The ExecuteWorkflowApp includes the possibility to write results dynamically to disk as soon as they have been processed. The behaviour is controlled by the autosave_results``flag. A parent directory for all results must be defined using the :py:data:`autosave_dir Parameter and the saving format can be selected using the autosave_format Parameter. The different formats are predefined and only implemented formats can be chosen. To query the available choices, please look at the code in the example below:

>>> import pydidas
>>> app = pydidas.apps.ExecuteWorkflowApp()

# We will activate the auto-saving and specify the path:
>>> app.set_param_value('autosave_results', True)
>>> app.set_param_value('autosave_dir', '/scratch/data/scan42_results')

# To check, for the available formats, we need to get the Parameter and check
# its choices property:
>>> app.get_param('autosave_format').choices
['None', 'HDF5']

# Now, update the formats:
>>> app.set_param_value('autosave_format', 'HDF5')

Warning

Note that auto-saving each frame will result will have a significant performance cost because the output files will need to be accessed for each processed scan point. Using auto-saving is only encouraged for very long processing times, e.g. multiple fittings for each scan data point.

Running the ExecuteWorkflowApp#

Once configured, the ExecuteWorkflowApp is run like any pydidas app, as described in detail in Running pydidas applications.

As a recap, to run the app serially, use the run method:

>>> import pydidas
>>> app = pydidas.apps.ExecuteWorkflowApp()
>>> app.run()

To run it utilizing parallelization, set up an AppRunner and use the start method:

>>> app = pydidas.apps.ExecuteWorkflowApp()
>>> runner = pydidas.multiprocessing.AppRunner(app)
>>> runner.start()
# After running, get the updated app with the results back:
>>> app = runner.get_app()

Accessing results#

Using autosave#

If autosave has been enabled, the results are written to files and can be accessed externally by any program which can read the defined data type.

Note

Please be advised that accessing the data while processing is still running can corrupt the output files and make them illegible.
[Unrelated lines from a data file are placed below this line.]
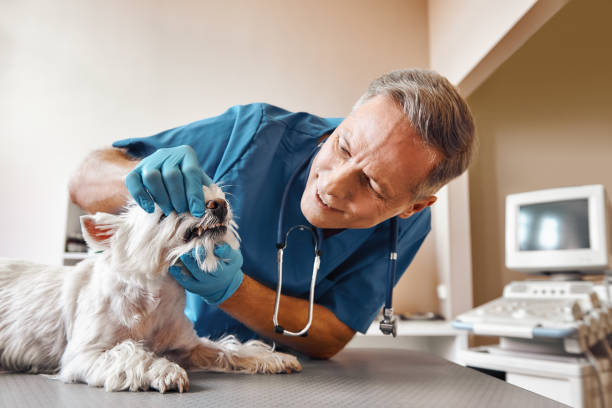 Best Chipped Tooth Repair Near Me  in Orwell, OH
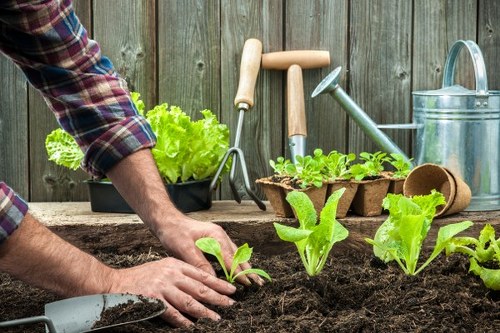 Garden maintenance pricing for a courtyard in St Pancras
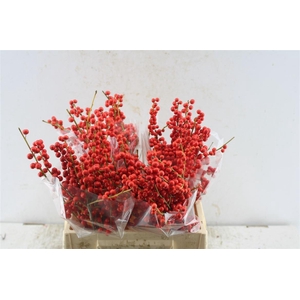 Ilex Verticillata Red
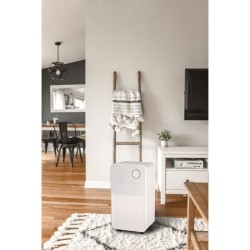 Déshumidificateur d'air électrique OCEANIC - Extraction 12 litres/jour - Fonc...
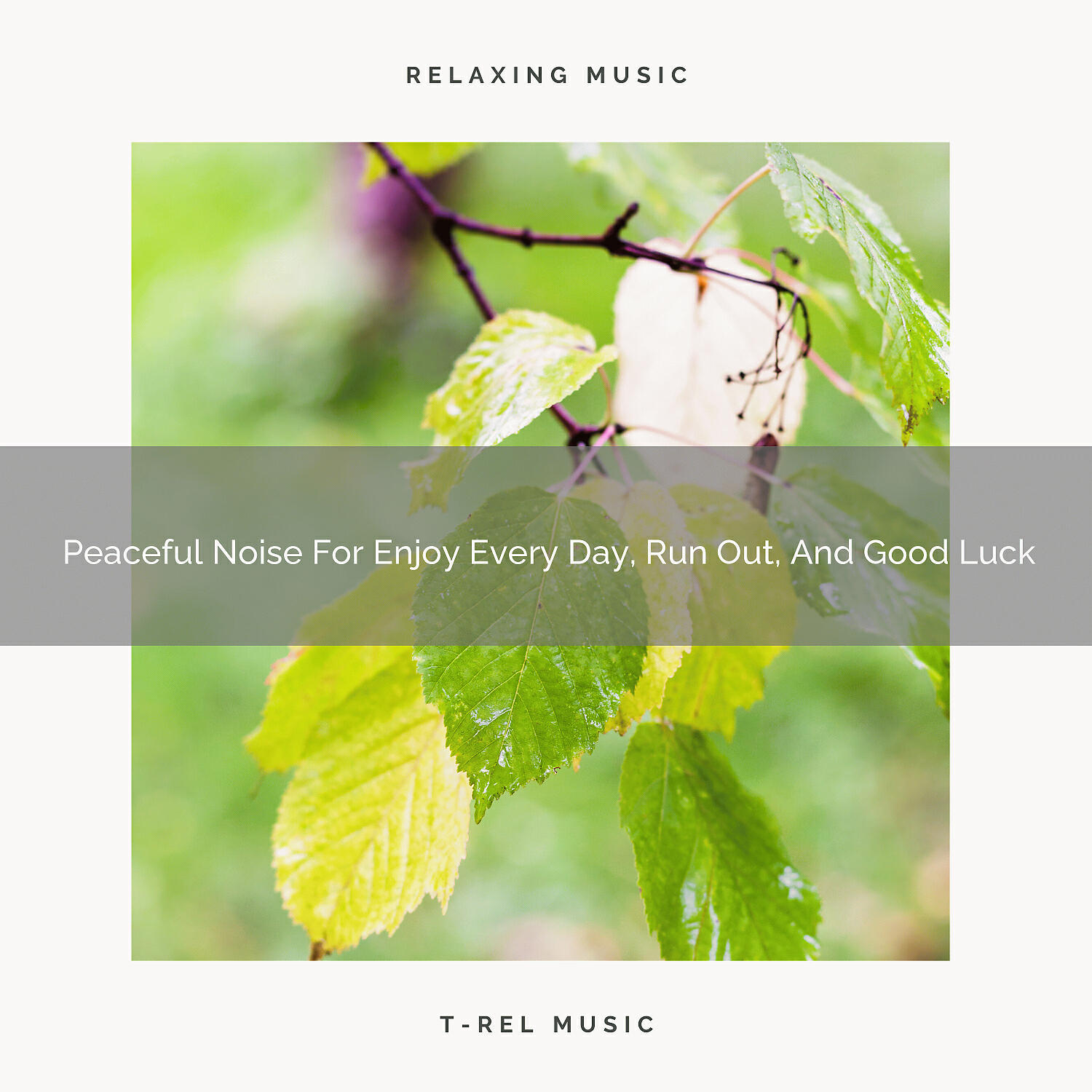 White Noise Nature Sounds Baby Sleep - Sleepy Noise For Happy Mornings, Feel Better, And Good Luck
Accessing results within Python#

The results from the ExecuteWorkflowApp are written in the global WorkflowResults (the Singleton instance of WorkflowResults) which is described in detail in The WorkflowResults class.

List of all ExecuteWorkflowApp Parameters#

  • live_processing (type: bool, default: False)

    Set live processing to True if the files do not yet exist at process startup. This will skip checks on file existence and size.

  • autosave_results (type: bool, default: False)

    Save the results automatically after finishing processing. The results for each plugin will be saved in a separete file (or files if multiple formats have been selected).

  • autosave_dir (type: Union[str, Path], default: [empty])

    The directory for autosave files.

  • autosave_format (type: str, default: ‘HDF5’)

    The file format(s) for the data to be saved after the workflow has been excuted. All data will be saved in a single folder for each run with one file for each plugin. Note that the Parameter choices are defined in pydidas and the value can only correspond to any of these choices.